Our alarm did not even have to beep twice the morning we started our Kilimanjaro trek. Our eyelids popped open and we were up, backpacks strapped on, ready and waiting for our van. Imagine two excitable kids on their first day of school — bags packs, shoes tied, anxiously waiting for the bus. Right on schedule (nothing short of a small miracle for Tanzania) we were greeted at the hostel gate by our guide, Prosper, and our assistant guide, Brayton, for our 45 minute drive to the Machame Gate entrance to Kilimanjaro National Park.
We were shuffled into a sort of tourist waiting area, sort of like how farm animals are herded into a small pen, and told to wait there until our guide came back to get us. They told us that this was so that we could stay in the shade while the guides got their team of porters assembled and packed up to go, but please take note that it was not sunny at all. In fact, it was rather cloudy with a cool drizzle keeping the temperature borderline cold. In reality, we interpret this waiting zone to be a safe place where the guides feel they can plant their clients and trust that all of us bonehead tourists can’t possibly get lost wandering around. In all fairness, they might have a point.

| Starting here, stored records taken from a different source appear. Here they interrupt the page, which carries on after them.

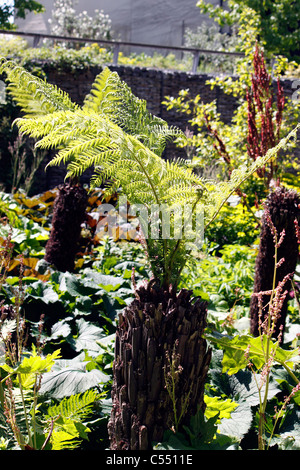 DICKSONIA ANTARCTICA. TREE FERN. MAN FERN. SOFT TREE FERN. WOOLLY FERN. Stock Photo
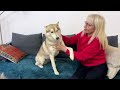 Husky Dogs Meet My Mom After Half a Year! So Emotional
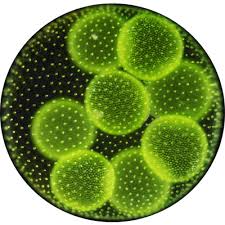 Image result for algae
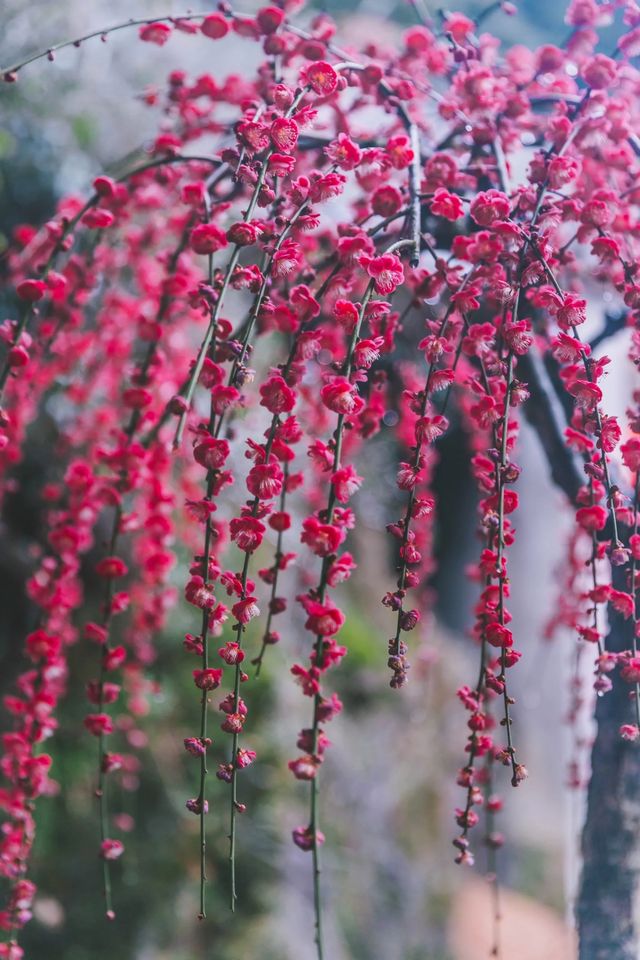 歙縣旅遊丨只賣花不打漁的古村（附攻略）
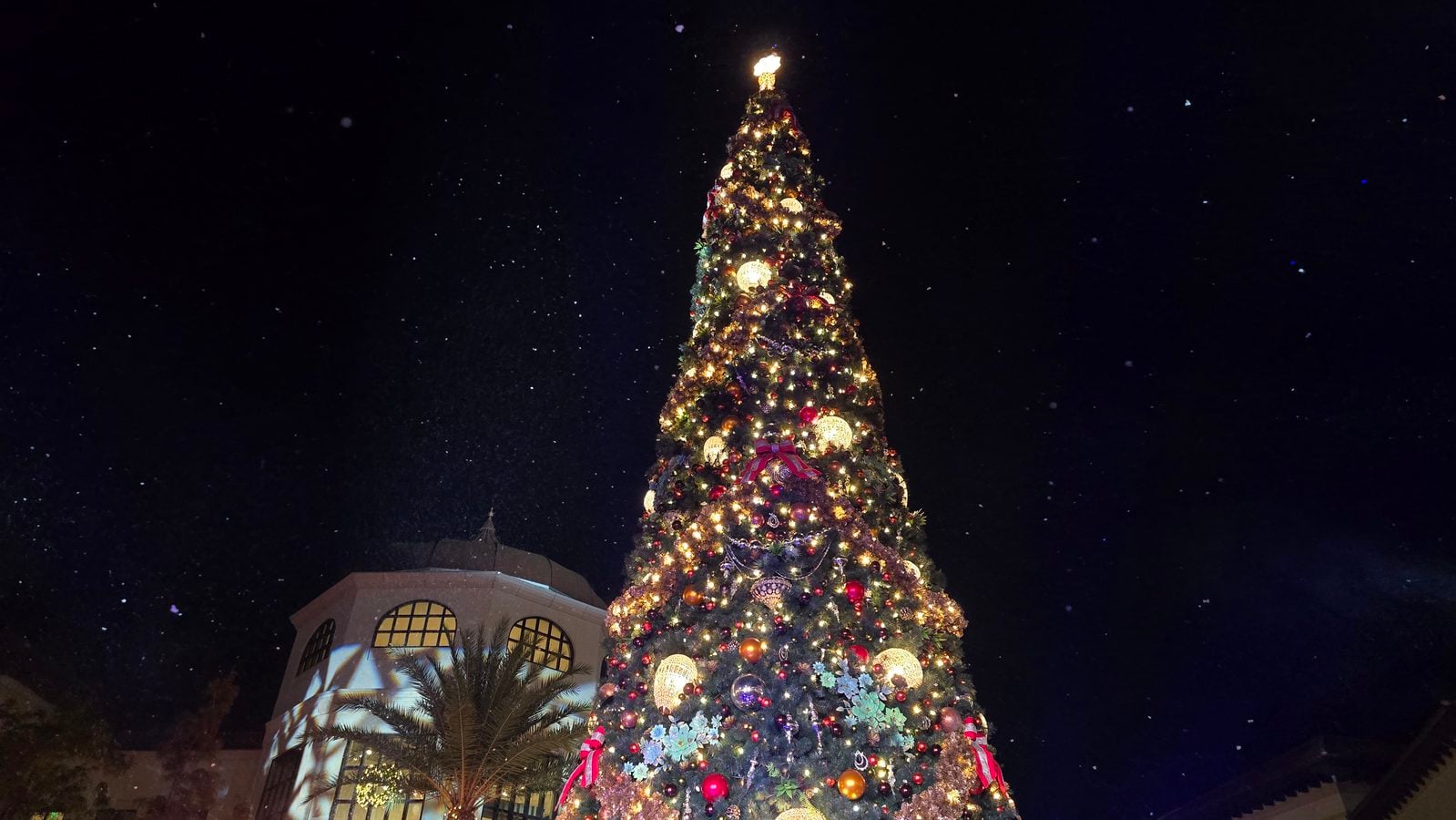 Tall illuminated Christmas tree adorned with lights and ornaments against a dark night sky beside a building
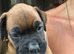 Last Beautiful boxer puppy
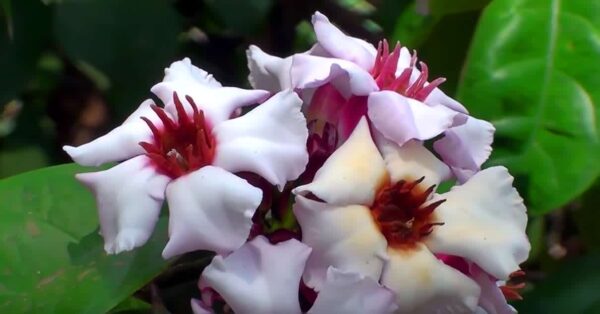 Klim Oleander 7G (Nerium Oleander)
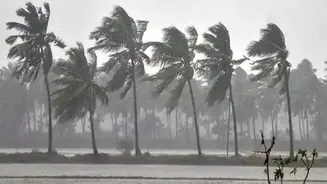Cyclone Alert! Odisha schools shut till Sep 24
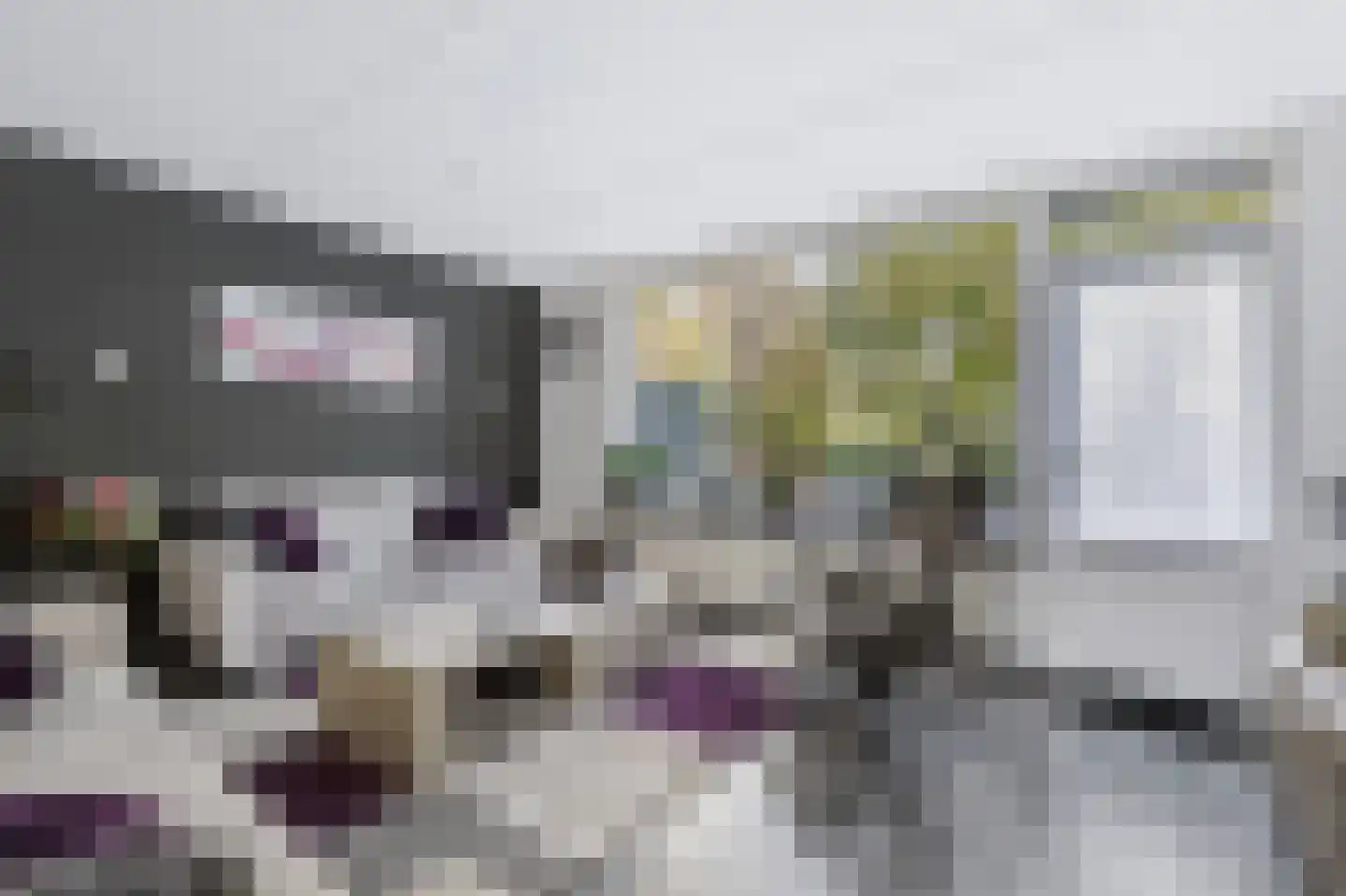 Edzemaheerd 37 Groningen thumbnail 5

Eventually, Prosper came back to fetch us and we officially signed into their registrar. We were very careful to make sure we knew our passport numbers since we knew that this information was needed for registration. Or was it? Seeing as we overheard another guide tell her group to simply make up a nine digit number, we are not so sure of the necessity of this piece of information. Regardless, we were officially at Kilimanjaro as of that signature!
It was time. While Prosper stayed back at the gate to take care of a few more guide logistics, we took off with Brayton. We had 4,000 feet of elevation to gain before we reached our campsite for the night so Prosper figured that we had better get a move on and that he would catch up to us soon enough. Well, things did not go exactly according to Prosper’s plans. We made great time! Feeling fit and already acclimatized from our John Muir Trail hike a few weeks ago, we flew up the trail. (Our best guess is that the few weeks in between we spent doing close to nothing physical served as our highly effective tapper.)

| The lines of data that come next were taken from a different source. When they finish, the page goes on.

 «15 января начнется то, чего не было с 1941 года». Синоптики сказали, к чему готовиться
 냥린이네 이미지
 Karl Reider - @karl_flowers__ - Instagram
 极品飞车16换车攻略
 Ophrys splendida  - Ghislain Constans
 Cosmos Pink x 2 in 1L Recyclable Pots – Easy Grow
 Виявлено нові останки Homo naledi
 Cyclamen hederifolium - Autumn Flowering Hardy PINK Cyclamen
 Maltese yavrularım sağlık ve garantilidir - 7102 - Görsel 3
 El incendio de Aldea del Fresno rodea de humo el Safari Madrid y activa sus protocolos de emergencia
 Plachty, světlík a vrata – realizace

Chit chatting with Brayton as we went, it was not too long before we were hiking right alongside the porters. Watching them carry these gigantic duffel bags, water jugs, and wicker baskets tied shut with twine on their backs, shoulders, and heads was amazing! There must be something in the water, because they are absolutely super human! (Maybe that is why we are told not to drink the water here. Perhaps it does not have anything to do with getting sick, but rather they do not want us to catch onto their secret elixir. Just a thought.) Thoroughly entertained between gawking at the porter balancing act and learning Swahili phrases from Brayton, we made it to the lunch stop in what seemed like no time! We devoured our box lunches of egg and beef burgers, chicken wings, bananas, and muffins and were soon powered up for the rest of the day’s hike.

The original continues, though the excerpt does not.